▶ **BRIEF**: Return the lines of the material below exactly, beginning with the line that has "Frühstückspension Casapatrizia B&B Sirmione" in it and finishing with the line that has "Кросівки ECCO MULTI-VENT" in it. Leave all pictures aside.

▶ **EXERCISE DATA**:

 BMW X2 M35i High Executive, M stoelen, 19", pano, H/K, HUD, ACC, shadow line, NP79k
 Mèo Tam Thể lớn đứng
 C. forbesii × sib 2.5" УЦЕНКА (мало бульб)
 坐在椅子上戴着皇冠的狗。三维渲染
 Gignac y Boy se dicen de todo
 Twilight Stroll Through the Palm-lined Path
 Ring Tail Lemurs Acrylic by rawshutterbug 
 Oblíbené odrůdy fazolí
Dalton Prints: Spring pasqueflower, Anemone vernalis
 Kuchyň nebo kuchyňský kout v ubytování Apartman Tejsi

* * *

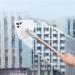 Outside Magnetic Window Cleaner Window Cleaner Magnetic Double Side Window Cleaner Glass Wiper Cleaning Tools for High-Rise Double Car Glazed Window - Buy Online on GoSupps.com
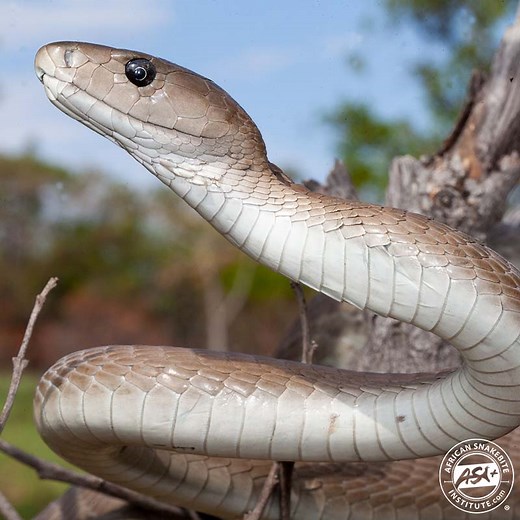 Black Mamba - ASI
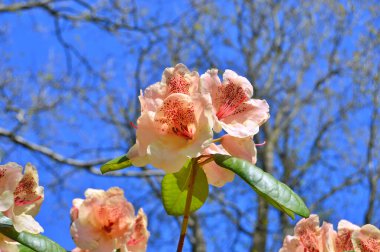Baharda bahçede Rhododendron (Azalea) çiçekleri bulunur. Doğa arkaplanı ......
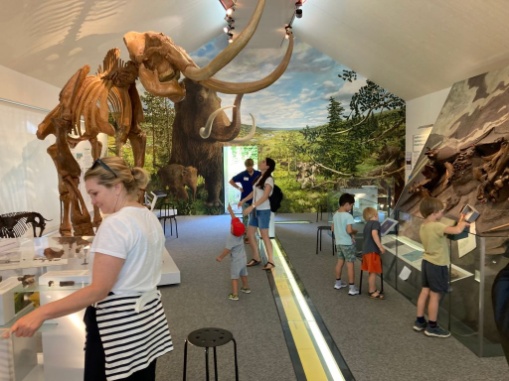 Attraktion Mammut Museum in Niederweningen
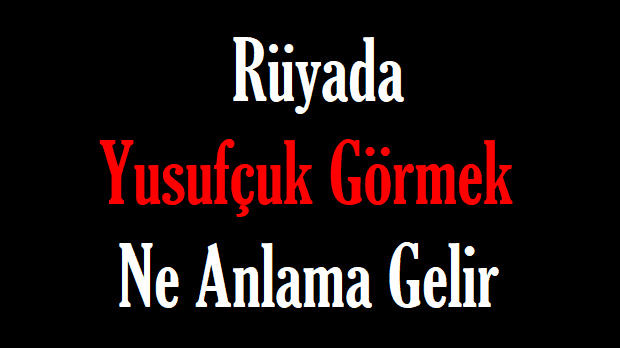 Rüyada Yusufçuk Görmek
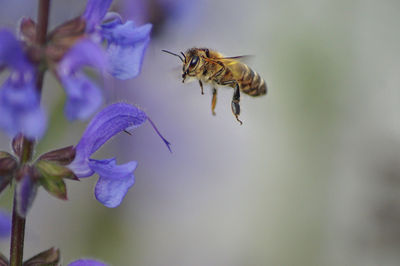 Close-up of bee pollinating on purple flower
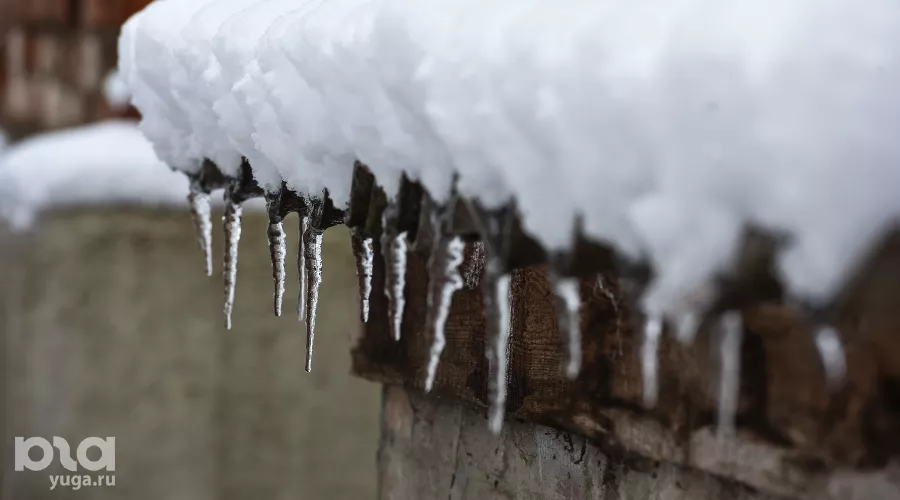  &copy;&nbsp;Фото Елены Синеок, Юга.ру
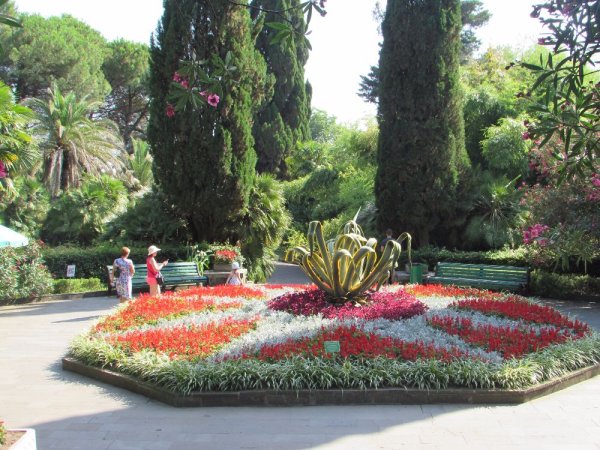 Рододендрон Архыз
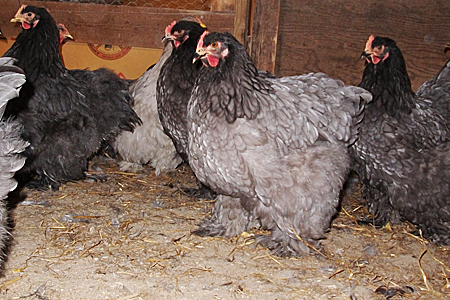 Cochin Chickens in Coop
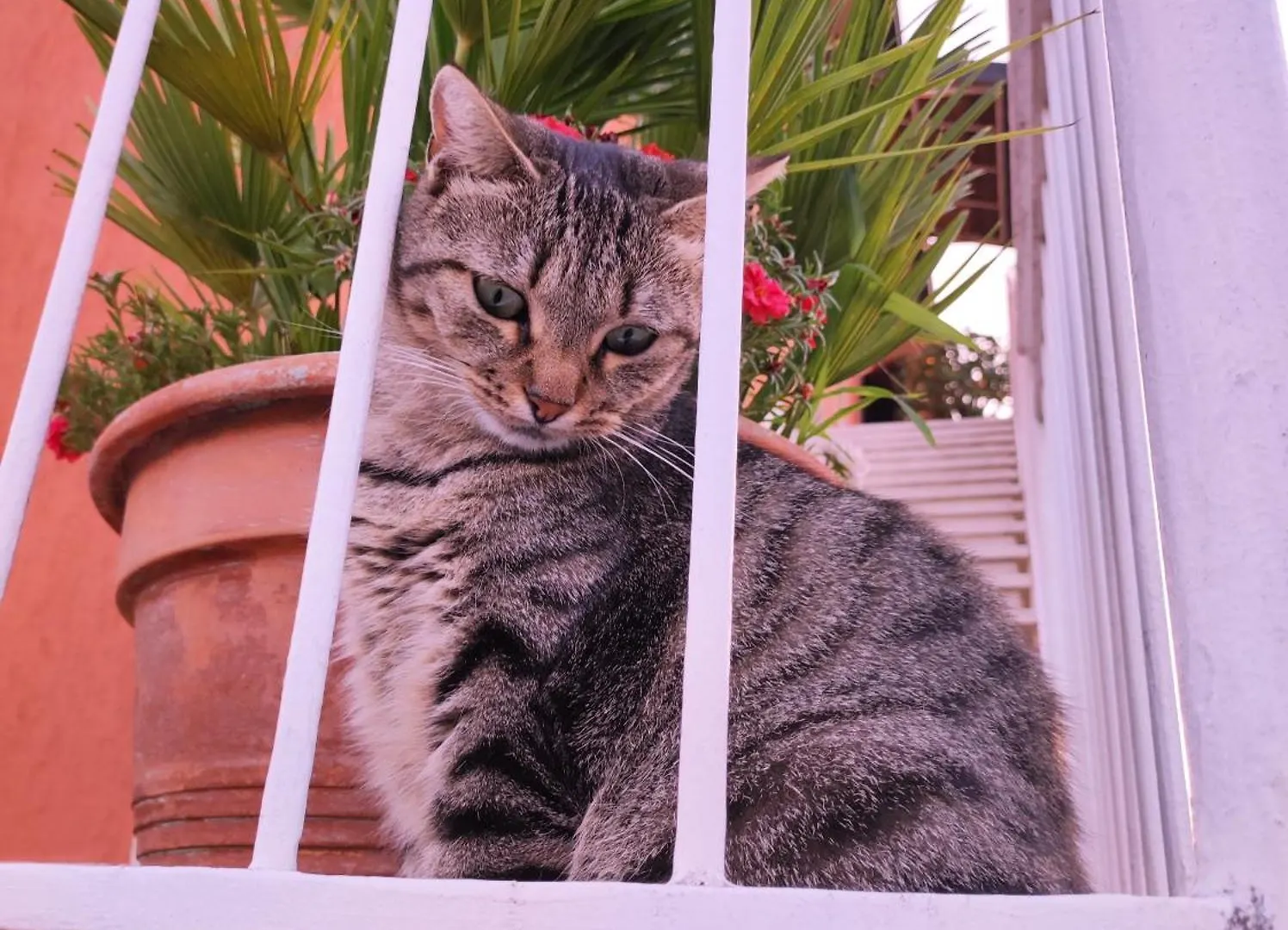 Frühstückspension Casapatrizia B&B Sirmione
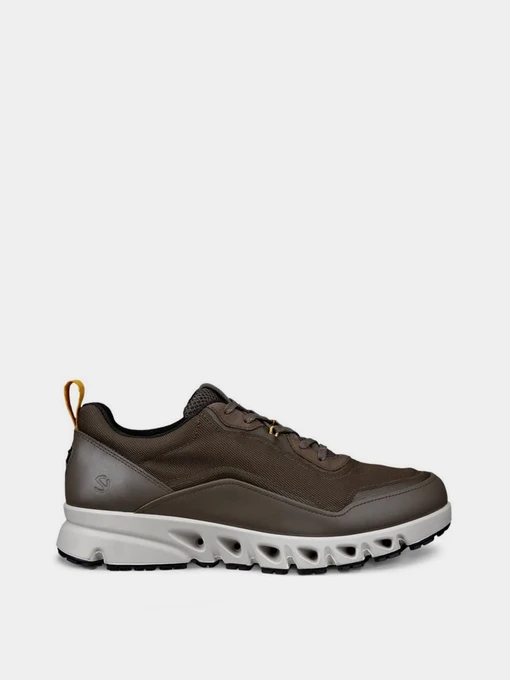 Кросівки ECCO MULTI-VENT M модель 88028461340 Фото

▶ **TASK OUTPUT**:
 Frühstückspension Casapatrizia B&B Sirmione
 Кросівки ECCO MULTI-VENT M модель 88028461340 Фото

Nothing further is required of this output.